* Description of the task
In your copy, each line below is repeated exactly and no image appears.

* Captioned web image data
......
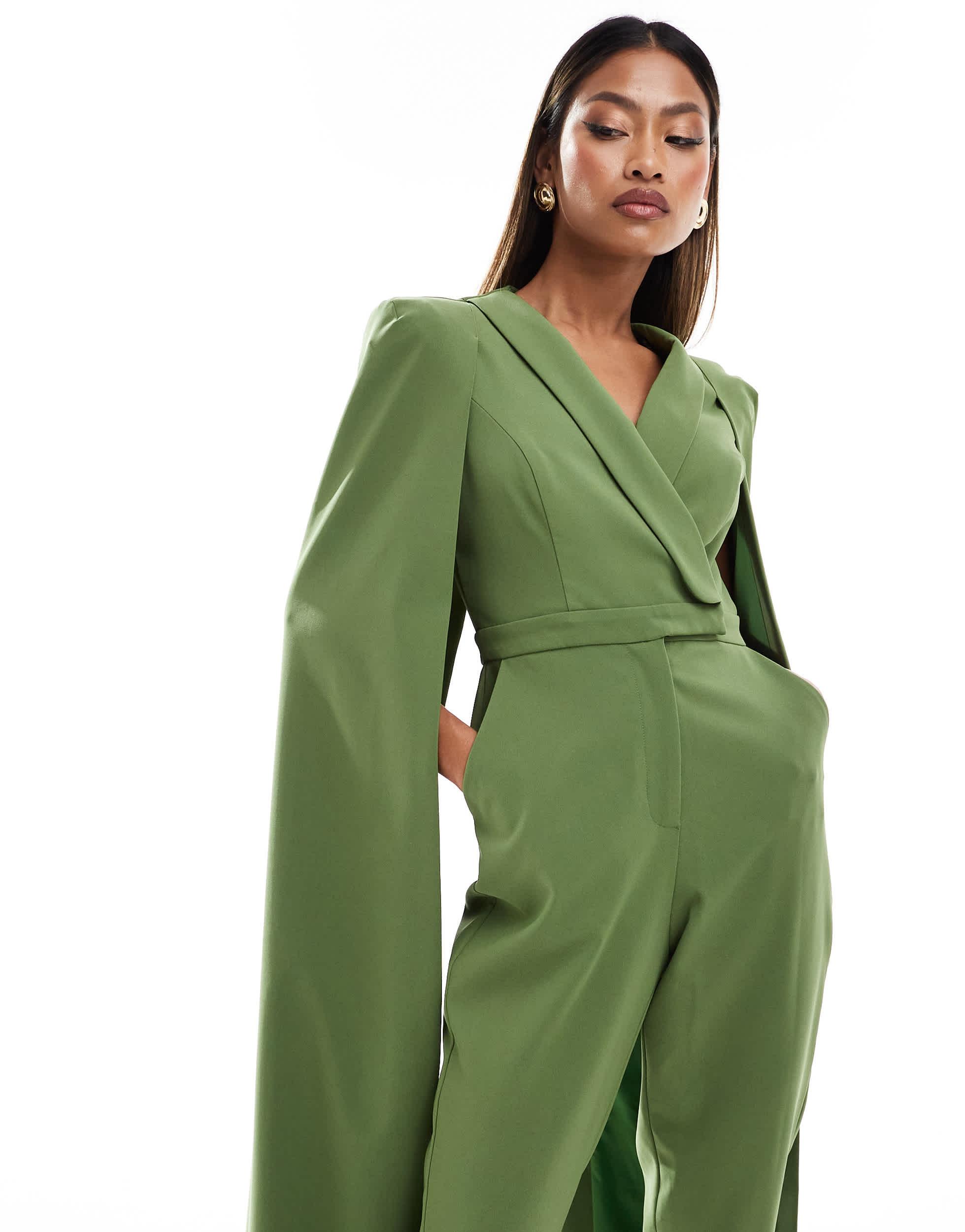 Lavish Alice Cape Style Tailored Jumpsuit in Green | Lyst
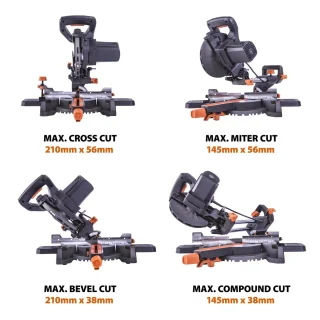 Evolution Rage R185SMS+ TCT multifunctionele verstekzaag 185mm 1200W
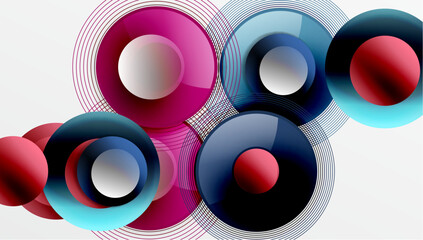 Abstract composition of overlapping circles with smooth gradients and transparency effects. Clean and modern design emphasizing depth, symmetry, and a minimal aesthetic
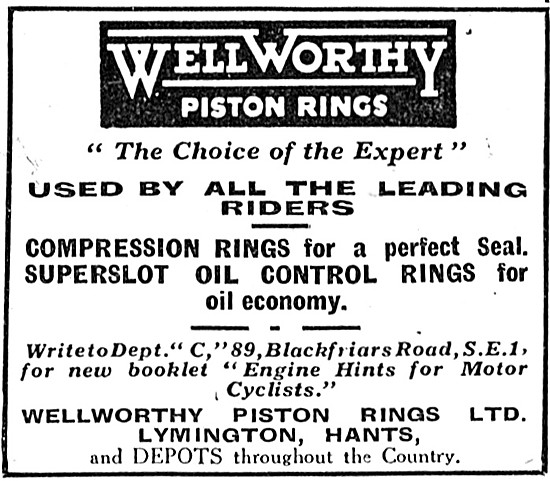 Wellworthy Piston Rings 1939                                     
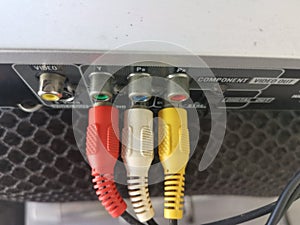 Image of the RCA connector cable to the back of the video deck player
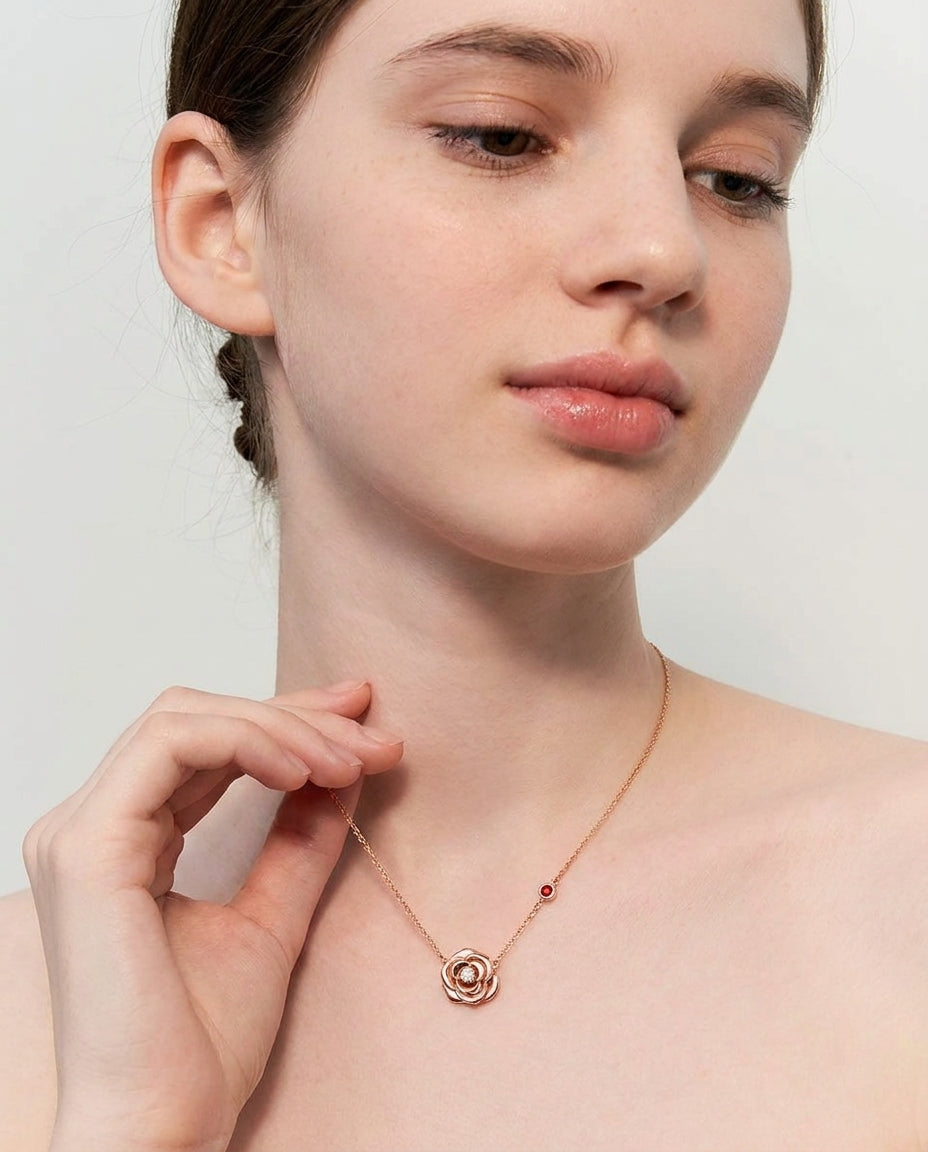 My Rose 14K Solid Rose Gold Necklace | Diamond & Ruby Rose Pendant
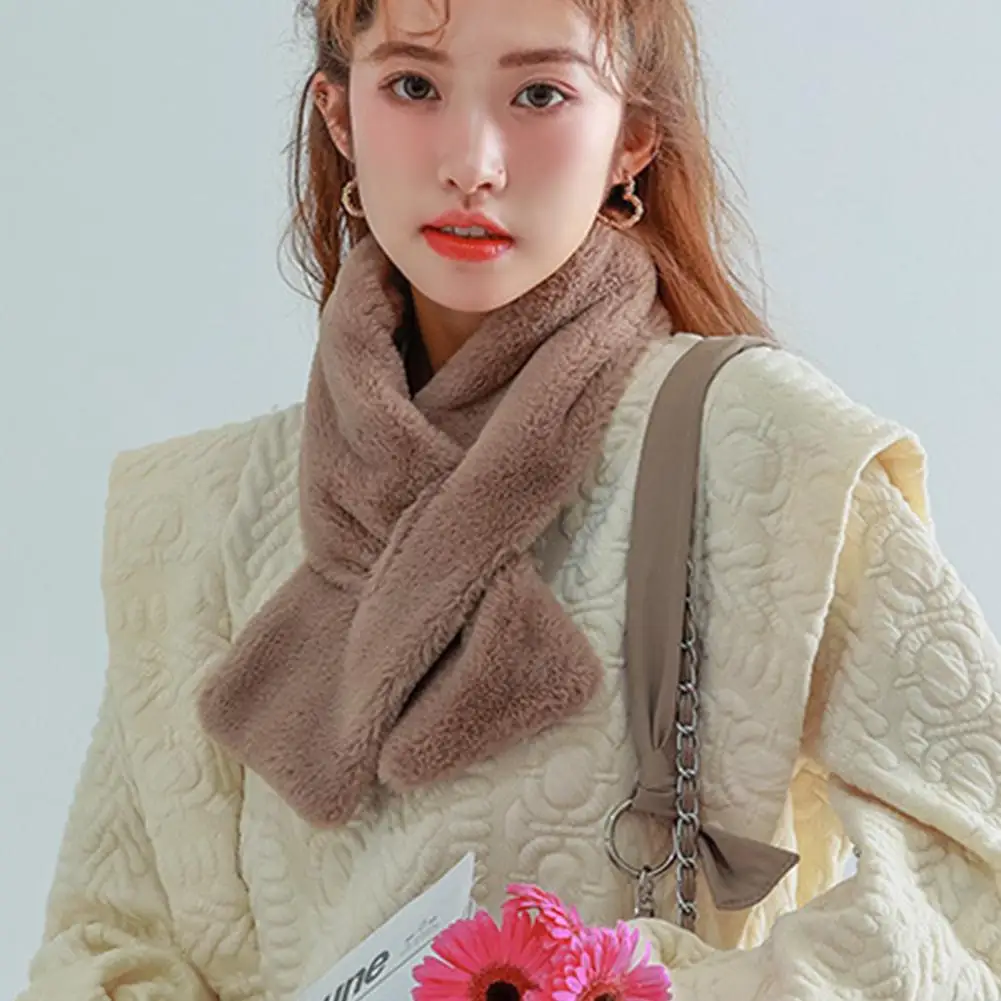 Женский зимний воротник из искусственного кроличьего меха однотонный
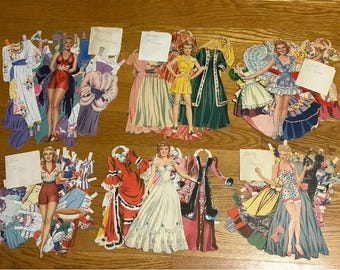 Sechs Sets Vintage Papierpuppen W / Kleidung & Accessoires Lot Bette Davids Carmen Miranda Sonja Henie +++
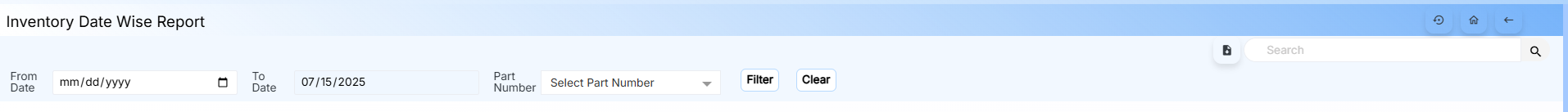 Inventory Date Wise Report Interface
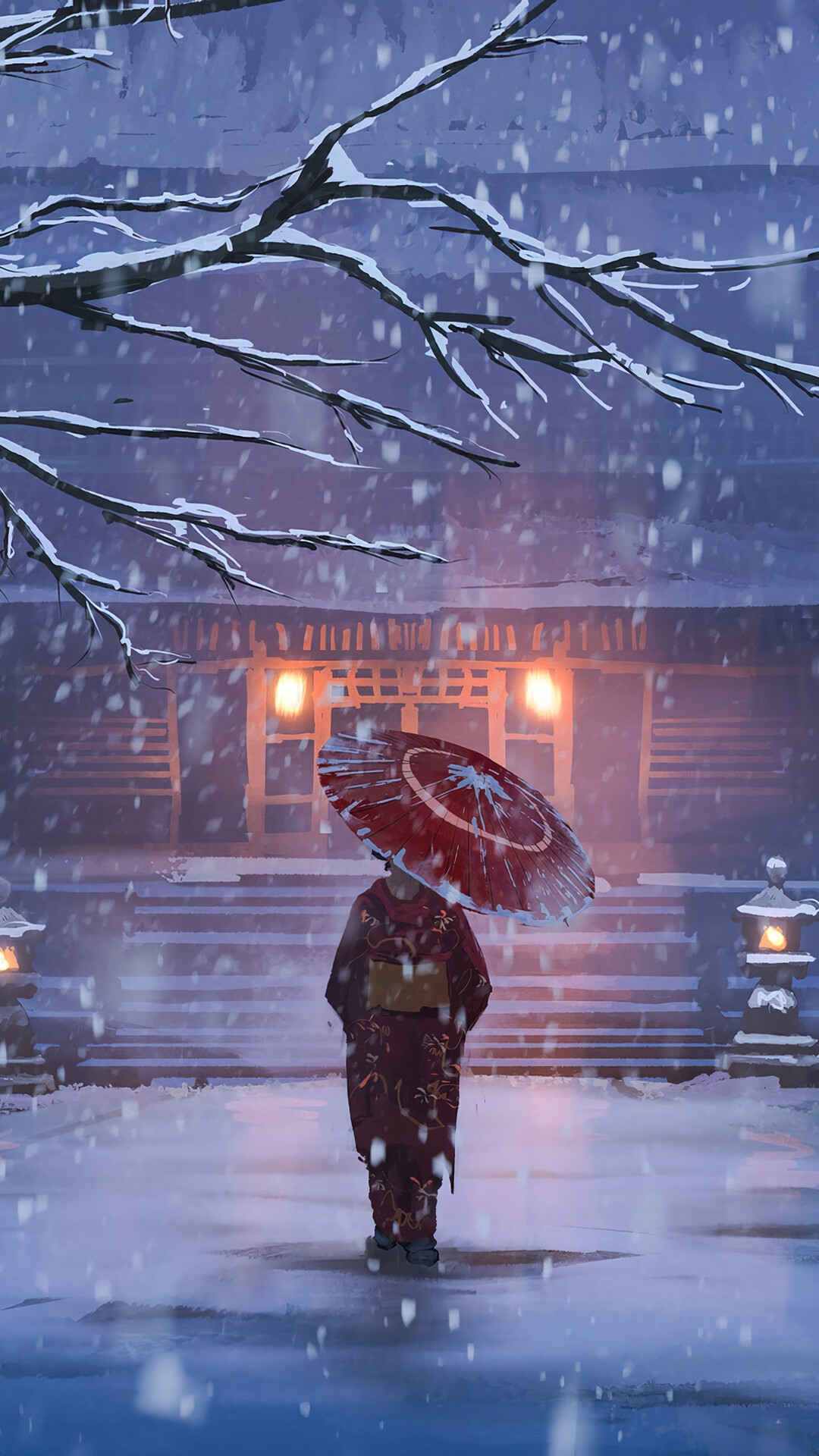 Anime girl in kimono with umbrella in snow HD Phone Wallpaper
......
* Output of the task
 Lavish Alice Cape Style Tailored Jumpsuit in Green | Lyst
 Evolution Rage R185SMS+ TCT multifunctionele verstekzaag 185mm 1200W
 Abstract composition of overlapping circles with smooth gradients and transparency effects. Clean and modern design emphasizing depth, symmetry, and a minimal aesthetic
 Wellworthy Piston Rings 1939                                     
 Image of the RCA connector cable to the back of the video deck player
 My Rose 14K Solid Rose Gold Necklace | Diamond & Ruby Rose Pendant
 Женский зимний воротник из искусственного кроличьего меха однотонный
 Sechs Sets Vintage Papierpuppen W / Kleidung & Accessoires Lot Bette Davids Carmen Miranda Sonja Henie +++
 Inventory Date Wise Report Interface
 Anime girl in kimono with umbrella in snow HD Phone Wallpaper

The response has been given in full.